Verdict: Even if you were to focus only on the aspects of The Elephant Man that aren’t as recognisably Lynch, there’s a lot to like about the film. It is beautiful to look and has a wonderful set of performances, obviously starting with John Hurt’s John Merrick (even buried under these prosthetics, the vulnerability of the character is palpable) and Anthony Hopkins’ Frederick Treves, who comes to realise that his medical interest in taking on Merrick as a case may not be fundamentally different from the treatment Merrick received at the freak show where he found the man. The smaller roles are also cast perfectly, e.g. John Gielgud who infuses the hospital’s governor Carr Gomm with a wonderful curiosity and warmth. Perhaps my favourite performance in the film is that of Freddie Jones: as Merrick’s cruel keeper, he is arguably one of the villains of the piece, but he infuses his character with a corrupted melancholy that makes him infinitely more interesting than he could have been.

But it would be a mistake to take the Lynch out of The Elephant Man. The film blends its various facets more consistently than may be apparent at first: the underlying metaphysical dread infuses Merrick’s story as much as the cosmic benevolence of its final scenes. Merrick is as much a part of the strangeness of this world as he is affected by it. The Elephant Man may make for an easier introduction to Lynch than, say, Lost Highway or Mulholland Drive (though these can still be great starting points for anyone who clicks with Lynch’s darker and more ominous elements), but from here it’s not such a long distance to other works of his. (Arguably, it might be more jarring to start with The Straight Story and go to one of Lynch’s more surrealist films from there, though The Straight Story does have a Lynchian vibe already due to its Angelo Badalamenti soundtrack.)

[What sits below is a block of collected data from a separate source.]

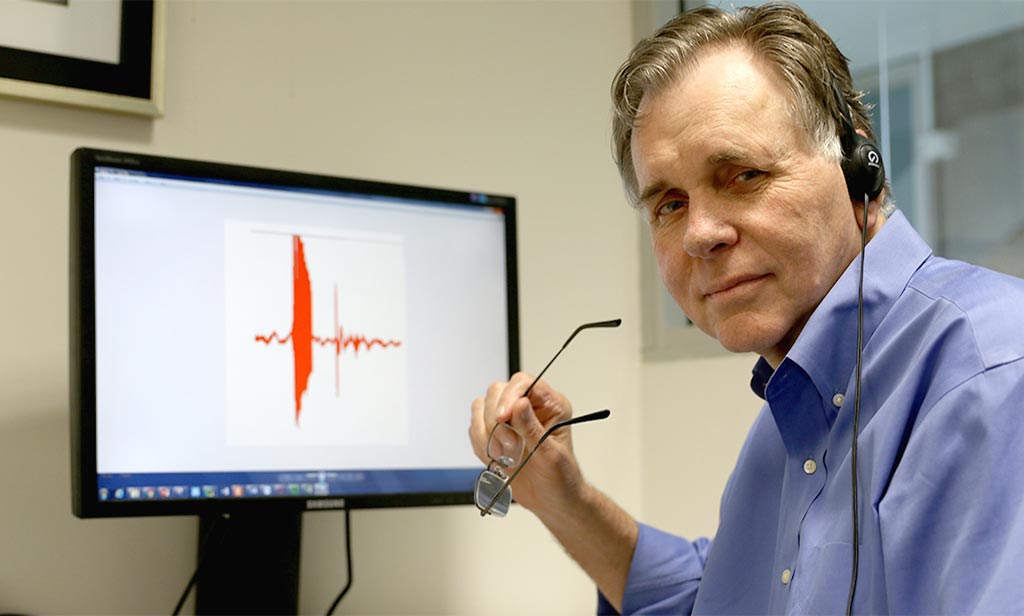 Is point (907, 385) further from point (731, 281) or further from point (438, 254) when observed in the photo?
point (438, 254)

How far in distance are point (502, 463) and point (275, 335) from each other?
0.33 meters

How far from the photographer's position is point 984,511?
2.37 feet

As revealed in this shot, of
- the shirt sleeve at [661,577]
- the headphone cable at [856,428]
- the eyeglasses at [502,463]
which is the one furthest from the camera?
the shirt sleeve at [661,577]

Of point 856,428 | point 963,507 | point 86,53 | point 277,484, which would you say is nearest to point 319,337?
point 277,484

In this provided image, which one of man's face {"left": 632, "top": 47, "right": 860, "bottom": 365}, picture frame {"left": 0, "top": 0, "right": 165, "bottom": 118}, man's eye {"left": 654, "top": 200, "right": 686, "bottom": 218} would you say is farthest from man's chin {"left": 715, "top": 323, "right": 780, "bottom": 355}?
picture frame {"left": 0, "top": 0, "right": 165, "bottom": 118}

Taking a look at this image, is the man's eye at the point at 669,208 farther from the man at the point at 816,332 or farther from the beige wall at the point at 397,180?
the beige wall at the point at 397,180

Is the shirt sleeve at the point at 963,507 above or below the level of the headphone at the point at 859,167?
below

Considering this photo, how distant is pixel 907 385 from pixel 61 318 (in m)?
1.03

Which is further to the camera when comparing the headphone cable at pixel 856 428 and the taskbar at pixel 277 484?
the taskbar at pixel 277 484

But regardless of whether anyone wants to watch The Elephant Man for itself or because of its director, it is a film well worth revisiting, a striking, moody film that offers many pleasures and that feels more vital than so many nostalgic period pieces. Its elegy to the outsiders and outcasts is as poignant as ever. And if it serves as a gateway to the director’s other films, all the better.